**REQUIREMENT**
Instruction for the data below: set down exactly the lines from the line with "3. Magnetic Thais" to the line with "Atletico Madrid's Marcos", inclusive, and no others.
☆ ☆ ☆
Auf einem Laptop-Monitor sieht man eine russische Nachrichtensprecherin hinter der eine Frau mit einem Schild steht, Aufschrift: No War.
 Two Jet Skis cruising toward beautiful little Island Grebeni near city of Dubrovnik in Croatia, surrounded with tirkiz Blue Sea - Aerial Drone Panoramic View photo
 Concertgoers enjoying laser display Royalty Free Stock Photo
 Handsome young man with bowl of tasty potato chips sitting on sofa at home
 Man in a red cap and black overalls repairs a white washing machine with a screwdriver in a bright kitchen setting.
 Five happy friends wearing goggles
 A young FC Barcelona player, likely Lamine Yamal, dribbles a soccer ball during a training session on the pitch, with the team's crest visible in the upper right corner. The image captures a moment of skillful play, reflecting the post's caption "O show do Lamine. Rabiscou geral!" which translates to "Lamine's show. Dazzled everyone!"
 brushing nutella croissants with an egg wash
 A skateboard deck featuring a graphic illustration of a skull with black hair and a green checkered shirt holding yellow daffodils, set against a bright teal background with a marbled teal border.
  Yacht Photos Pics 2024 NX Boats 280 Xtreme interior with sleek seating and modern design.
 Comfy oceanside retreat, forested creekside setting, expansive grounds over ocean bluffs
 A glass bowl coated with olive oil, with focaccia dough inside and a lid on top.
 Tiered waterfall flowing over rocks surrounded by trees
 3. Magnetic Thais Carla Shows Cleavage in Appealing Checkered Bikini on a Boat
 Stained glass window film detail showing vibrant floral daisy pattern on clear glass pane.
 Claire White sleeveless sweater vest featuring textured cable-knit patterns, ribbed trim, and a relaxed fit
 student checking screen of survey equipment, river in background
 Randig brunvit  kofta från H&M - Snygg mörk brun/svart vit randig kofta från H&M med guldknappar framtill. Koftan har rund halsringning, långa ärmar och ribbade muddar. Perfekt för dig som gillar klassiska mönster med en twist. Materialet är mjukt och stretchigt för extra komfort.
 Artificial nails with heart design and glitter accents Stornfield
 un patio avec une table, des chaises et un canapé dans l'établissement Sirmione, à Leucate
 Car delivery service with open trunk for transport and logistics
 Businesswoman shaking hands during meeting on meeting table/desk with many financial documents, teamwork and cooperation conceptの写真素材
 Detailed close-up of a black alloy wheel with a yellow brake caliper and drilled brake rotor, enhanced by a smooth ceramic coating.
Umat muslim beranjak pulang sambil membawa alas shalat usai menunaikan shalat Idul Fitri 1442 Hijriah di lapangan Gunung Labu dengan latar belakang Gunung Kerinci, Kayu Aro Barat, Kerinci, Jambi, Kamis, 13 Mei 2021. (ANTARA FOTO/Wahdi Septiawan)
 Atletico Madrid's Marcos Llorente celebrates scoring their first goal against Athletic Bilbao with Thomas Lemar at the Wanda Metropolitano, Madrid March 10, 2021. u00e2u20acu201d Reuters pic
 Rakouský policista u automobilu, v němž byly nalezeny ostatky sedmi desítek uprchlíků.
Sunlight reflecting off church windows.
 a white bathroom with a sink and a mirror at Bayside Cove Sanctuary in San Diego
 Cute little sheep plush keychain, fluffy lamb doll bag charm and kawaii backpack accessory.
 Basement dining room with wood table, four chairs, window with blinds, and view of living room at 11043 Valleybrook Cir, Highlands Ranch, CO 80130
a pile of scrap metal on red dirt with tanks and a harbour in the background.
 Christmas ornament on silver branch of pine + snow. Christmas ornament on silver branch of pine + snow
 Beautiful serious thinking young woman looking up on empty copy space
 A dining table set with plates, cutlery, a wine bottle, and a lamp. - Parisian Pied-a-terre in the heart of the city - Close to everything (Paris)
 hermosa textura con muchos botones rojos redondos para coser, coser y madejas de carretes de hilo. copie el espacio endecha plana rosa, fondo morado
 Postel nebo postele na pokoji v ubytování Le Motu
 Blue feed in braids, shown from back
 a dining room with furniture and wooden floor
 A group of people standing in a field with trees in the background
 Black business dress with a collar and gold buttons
☆ ☆ ☆
**YOUR RESPONSE**
 3. Magnetic Thais Carla Shows Cleavage in Appealing Checkered Bikini on a Boat
 Stained glass window film detail showing vibrant floral daisy pattern on clear glass pane.
 Claire White sleeveless sweater vest featuring textured cable-knit patterns, ribbed trim, and a relaxed fit
 student checking screen of survey equipment, river in background
 Randig brunvit  kofta från H&M - Snygg mörk brun/svart vit randig kofta från H&M med guldknappar framtill. Koftan har rund halsringning, långa ärmar och ribbade muddar. Perfekt för dig som gillar klassiska mönster med en twist. Materialet är mjukt och stretchigt för extra komfort.
 Artificial nails with heart design and glitter accents Stornfield
 un patio avec une table, des chaises et un canapé dans l'établissement Sirmione, à Leucate
 Car delivery service with open trunk for transport and logistics
 Businesswoman shaking hands during meeting on meeting table/desk with many financial documents, teamwork and cooperation conceptの写真素材
 Detailed close-up of a black alloy wheel with a yellow brake caliper and drilled brake rotor, enhanced by a smooth ceramic coating.
Umat muslim beranjak pulang sambil membawa alas shalat usai menunaikan shalat Idul Fitri 1442 Hijriah di lapangan Gunung Labu dengan latar belakang Gunung Kerinci, Kayu Aro Barat, Kerinci, Jambi, Kamis, 13 Mei 2021. (ANTARA FOTO/Wahdi Septiawan)
 Atletico Madrid's Marcos Llorente celebrates scoring their first goal against Athletic Bilbao with Thomas Lemar at the Wanda Metropolitano, Madrid March 10, 2021. u00e2u20acu201d Reuters pic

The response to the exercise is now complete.